STORED DATA:
============

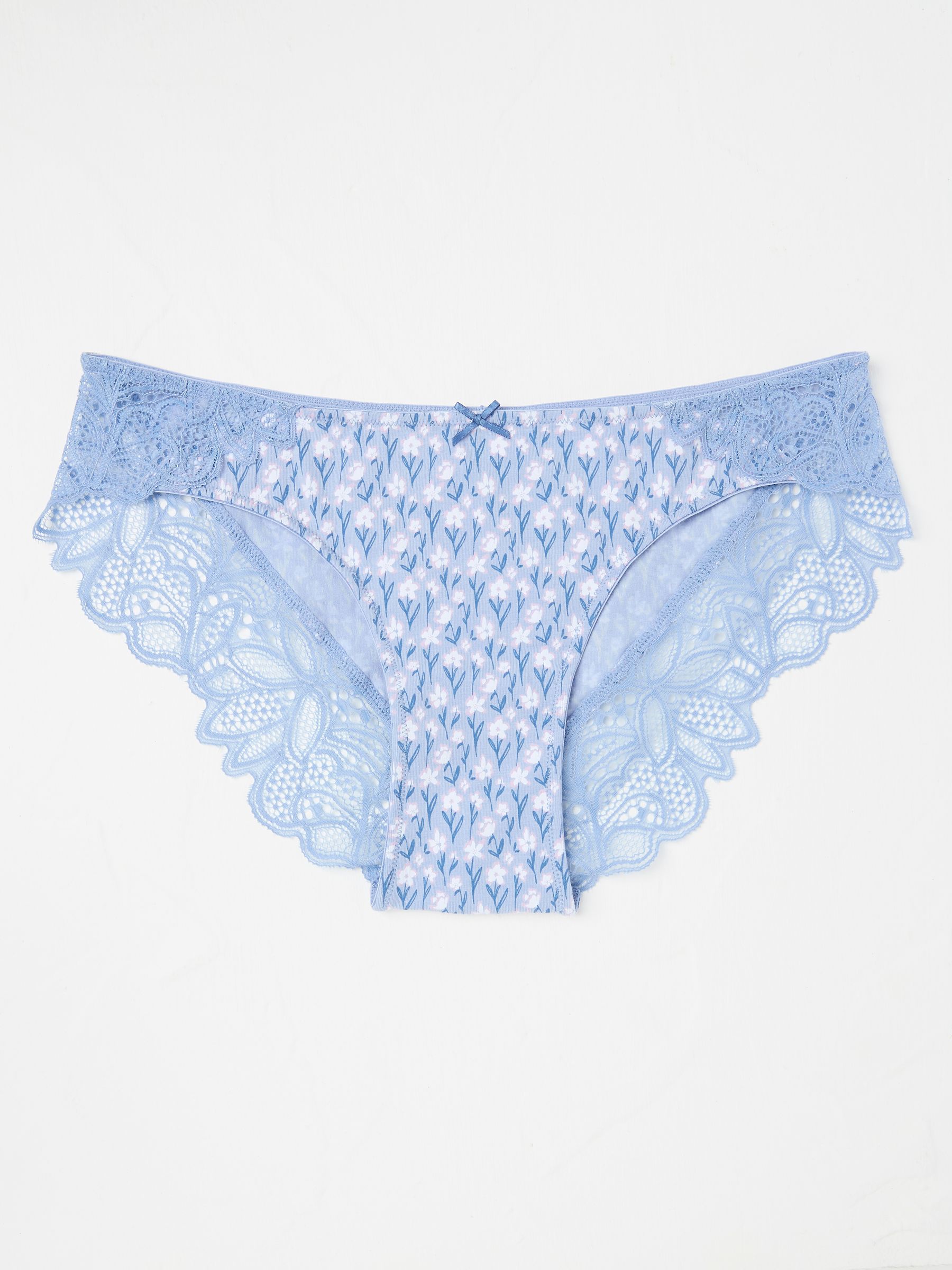 Light Blue Floral Cheeky Knickers - Image 1 of 2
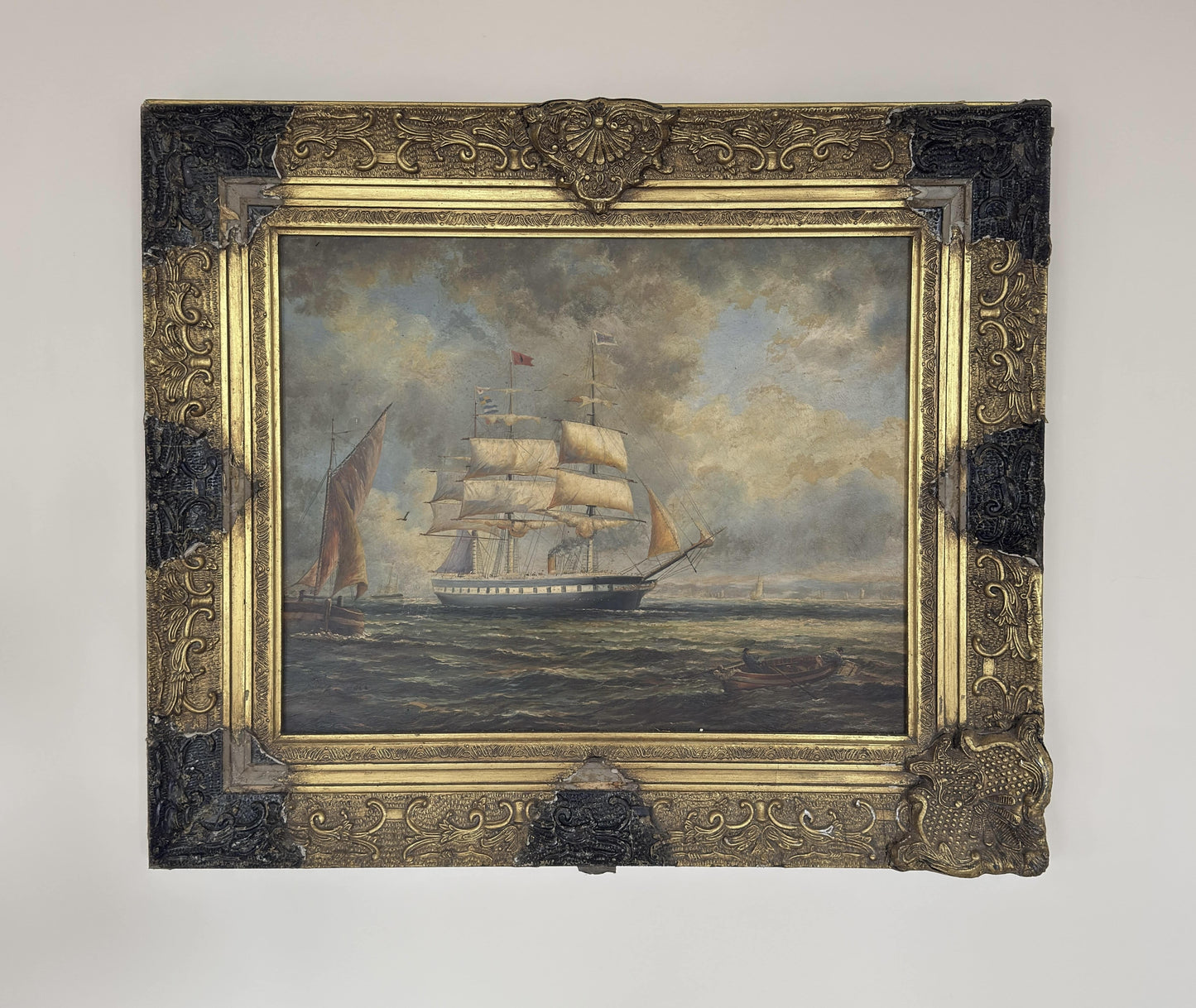 French Ship w/Red Flag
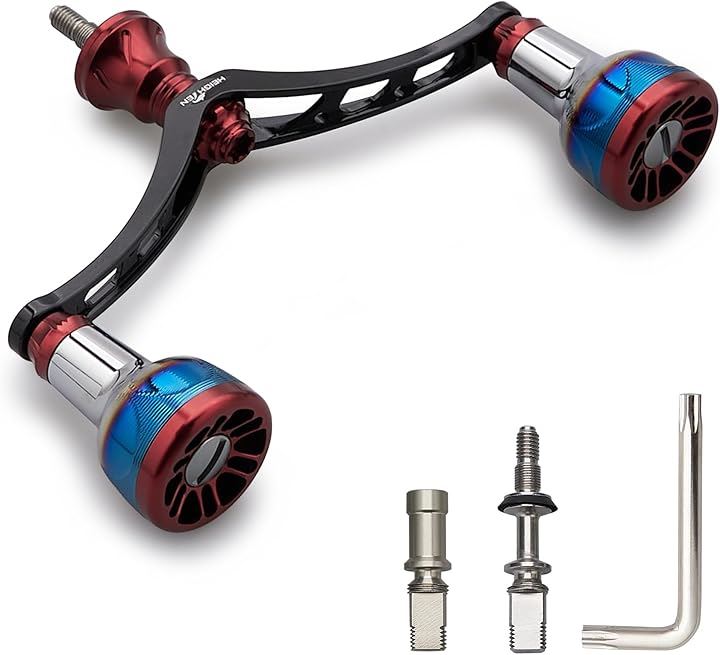 リール ハンドル シマノ Shimano ダイワ DAIWA 通用 スピニングリール用 Arch Engine Series 189(110mm - ブラック＆ワインレッド)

============

WORK TO BE COMPLETED:
When you restate the listing above, give each line word for word but leave out every image.

WRITTEN SOLUTION:
 Light Blue Floral Cheeky Knickers - Image 1 of 2
 French Ship w/Red Flag
 リール ハンドル シマノ Shimano ダイワ DAIWA 通用 スピニングリール用 Arch Engine Series 189(110mm - ブラック＆ワインレッド)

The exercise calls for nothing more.